Book Review: The Death Of Money

by: David Merkel, CFA

This is a hard book to review. I have respect for the author, and most of his opinions. But extraordinary claims require extraordinary proof. There is evidence here, but not extraordinary proof. I agree that we are in a bad spot, and that there is reason to be cautious. To claim that the current international monetary system will disappear by 2020 or so requires more than the book delivers.

Let me begin by saying the book is worth buying. It will make you think. Thinking is a valuable exercise in which few engage. Most of us imitate, which is far easier to do than thinking, and usually saves time on common issues.

The author focuses on the weaknesses of U.S. economic policy, but is less critical of bad economic policies being pursued around the world, with the poster children being Japan, China, and the EU. The U.S. has its problems, but also its unique strengths. Though I am a critic of U.S. economic policy, we are better off than most other large nations.

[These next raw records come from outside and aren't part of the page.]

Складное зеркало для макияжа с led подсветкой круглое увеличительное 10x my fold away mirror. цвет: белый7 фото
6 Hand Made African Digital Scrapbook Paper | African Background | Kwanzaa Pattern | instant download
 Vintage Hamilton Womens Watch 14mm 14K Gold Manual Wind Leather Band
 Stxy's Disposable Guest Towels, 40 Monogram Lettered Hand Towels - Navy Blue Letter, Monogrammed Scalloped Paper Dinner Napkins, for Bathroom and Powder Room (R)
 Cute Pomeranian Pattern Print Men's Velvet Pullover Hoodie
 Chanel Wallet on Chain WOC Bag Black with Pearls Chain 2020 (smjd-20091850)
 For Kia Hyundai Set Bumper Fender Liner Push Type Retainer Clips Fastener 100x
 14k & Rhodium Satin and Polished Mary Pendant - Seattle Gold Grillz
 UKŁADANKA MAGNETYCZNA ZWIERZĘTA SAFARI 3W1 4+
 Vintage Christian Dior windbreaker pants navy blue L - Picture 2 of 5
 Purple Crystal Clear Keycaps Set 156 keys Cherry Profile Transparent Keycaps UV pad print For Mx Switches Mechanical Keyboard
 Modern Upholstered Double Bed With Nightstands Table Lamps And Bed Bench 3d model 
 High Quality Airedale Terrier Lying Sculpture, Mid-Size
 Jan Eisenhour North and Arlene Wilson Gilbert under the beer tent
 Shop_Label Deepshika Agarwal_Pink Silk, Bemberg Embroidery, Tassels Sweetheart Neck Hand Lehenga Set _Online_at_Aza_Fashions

One criticism of the book is that it is not focused. Make your case, and don't go down many "rabbit trails." That said, the rabbit trails are interesting, and you will learn a lot from them, though they don't support the central thesis of the book. I think the book needed a better editor, because a tighter book would have made the case better.

Here's the main difficulty: Okay, so the U.S. Dollar is not a great store of value. Imagine another nation who wants a better store of value, who lets their currency rise, and their politically powerful exporters scream. Who will likely win? The exporters. At least, that has been the way it has worked for the last 30 years.

In order for a gold-backed currency to be introduced, there will be sacrifices, and under most conditions, it will produce some deflation. It is not at all certain that the nation((s)) that might do this will take the short-term punishment. Our world is geared toward short-termism, and it harms us all.


The book is far too kind to the IMF, an incompetent institution, and far too kind to China, which faces a collapse in its financial system far more quickly than the U.S. will see.

The book is also too kind to the EU, which continues the experiment of monetary union without political union, which has never worked before on a large scale.

Who would benefit from this book: Anyone could benefit from this great book.

Full disclosure: I asked the PR people for a copy of the book, and they sent it.